Kajian ilmu politik sesungguhnya bukan sekedar apa yang nampak (appearance) tetapi juga bagaimana harus menangkap realita di balik yang nampak dari obyek kajian politik. Dalam terminologi modern kajian ilmu politik dibuka ruang bahwa mempelajari ilmu politik juga harus telaten meneliti setiap perkembangan termasuk menyoal realitas yang ada di balik fenomena untuk mengungkap latar belakang (behind) dan yang ada di masa depan (beyond). Jika kedua hal ini dikaji maka ilmu politik akan menemukan konsep dan bentuknya yang utuh.
Wajar bila dalam berita media nasional disebutkan bahwa Megawati Soekarnoputri sebagai putri proklamator yang dikenal negarawan, dunia tidak mau gegabah terbawa banyak ambisi duniawi di luar dirinya yang terus mempengaruhi termasuk yang setiap saat membisikkan untuk ingin menemuinya.
Dikabarkan beliau minta waktu untuk kontemplasi di Bali yang masih tenang, sebab di masyarakat Jawa dikenal tradisi neng, ning, nung, nang (neng adalah meneng atau berdiam diri tafakur untuk mencapai ning atau wening yaitu kejernihan rasa dimana mata hati akan mengabarkan pertimbangan hati nurani dan kejernihan budi guna mendapatkan nung atau hanung yaitu kuat atau kekuatan dan pada akhirnya meraih nang atau menang sebuah keberhasilan usahanya atau tercapainya cita-cita).
Tidak kalah penting baginya adalah meminta nasihat Raja Jawa yang ada di Yogyakarta yaitu Sri Sultan Hamengkubuwono X sebelum mengumumkan cawapres. Kedekatan Sultan Hamengkubuwono IX dengan Bung Karno pada waktu republik terjadi krisis akibat agresi Belanda adalah kedekatan khusus yang juga wajib di lanjutkan kedua putra putrinya (Sultan Hamengkubuwono X dan Megawati Soekarnoputri). Termasuk bagaimana memilih Dharmaputra yang tepat dan dipastikan nasionalismenya tidak untuk ambisi dan kepentingan pribadi yang akhirnya hanya sebatas slogan.

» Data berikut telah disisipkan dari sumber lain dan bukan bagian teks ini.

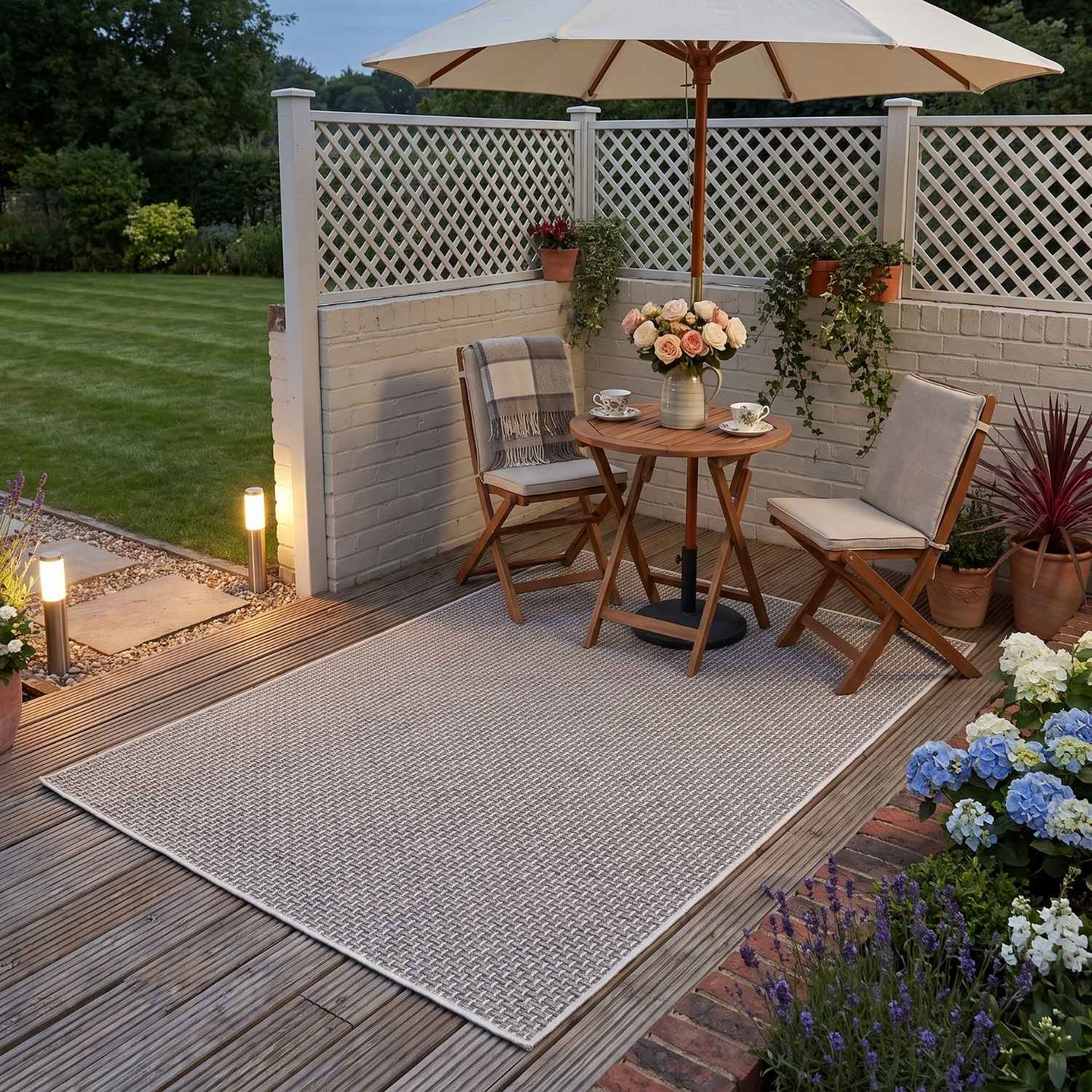 Cream Outdoor Rug for Patio and Garden | The Rugs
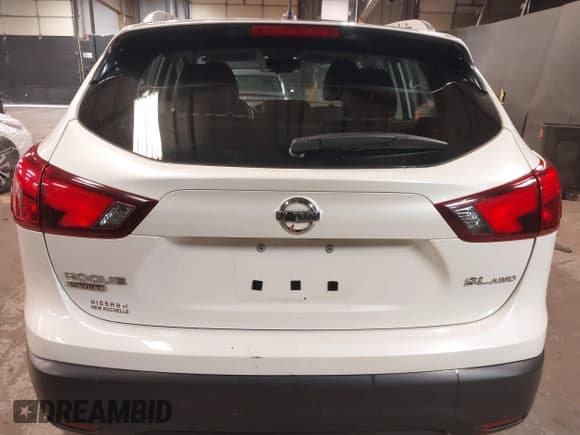 ✅ 2017 Nissan Rogue SL • VIN: JN1BJ1CR4HW103472 • Лот: 41856392. Опубликован ранее на IAAI с пробегом 38 584 миль. Бесплатный доступ к архиву аукционных продаж из США и подробный отчёт об истории автомобиля на DreamBid. Изображение 16.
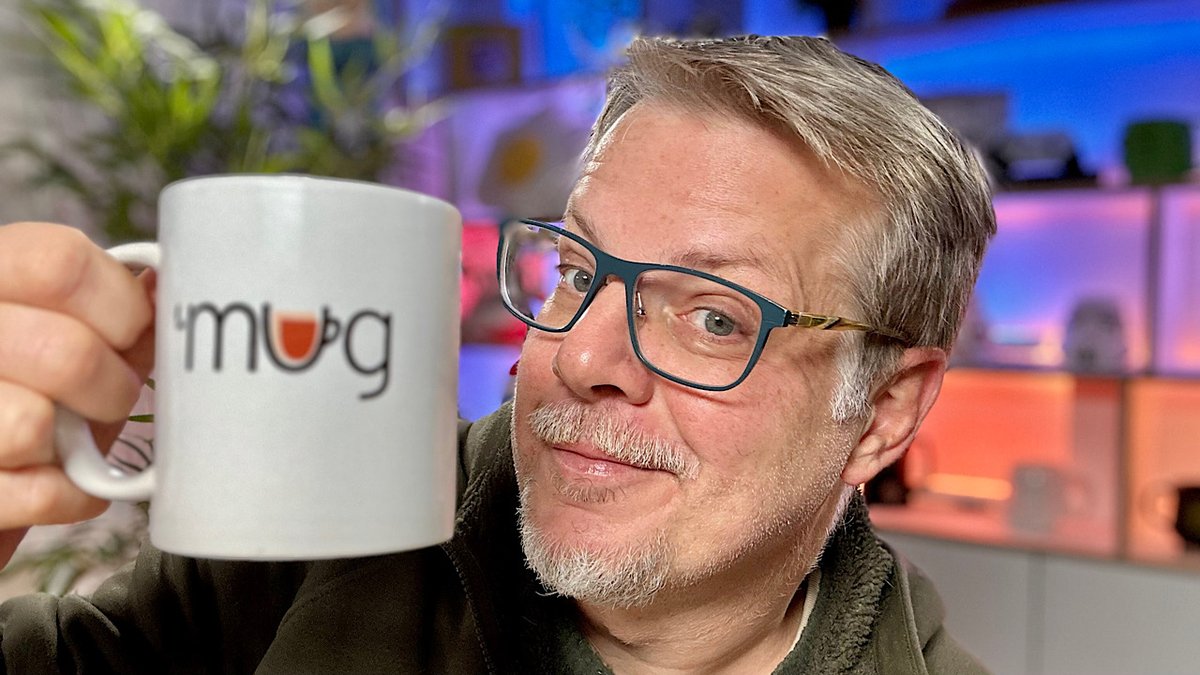 NowtechTeam's tweet photo. 🔴 LIVE à 8h - TikTok interdit en Europe ?! #MacBookTouch #IntelUnison #AirpodsMax etc. 🔸 LE MUG NOWTECH 👉 https://t.co/PBLwHE9Cyd https://t.co/BmzjndoZIV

Sebagaimana dikatakan oleh filsuf Jerman Habermas bahwa mitos yang irasional adalah usaha manusia yang rasional. Dan sebaliknya sesungguhnya banyak usaha rasional dibungkus mitos dan mistis semata untuk menyembunyikan penghitungan politik rasional agar tidak mudah terbaca dan diketahui lawan politik.
Semuanya memang harus dilandasi ketulusan dan kebijaksanaan serta kecermatan sebab dalam alam bawah sadar masyarakat nusantara kepemimpinan selain rasional juga spriritual dimana untuk meraih kembali kejayaan nusantara, seorang pemimpin haruslah linuwih dalam bahasa revolusi sosial Soekarno adalah mendukung dan didukung hukum kodrat alam (natuur).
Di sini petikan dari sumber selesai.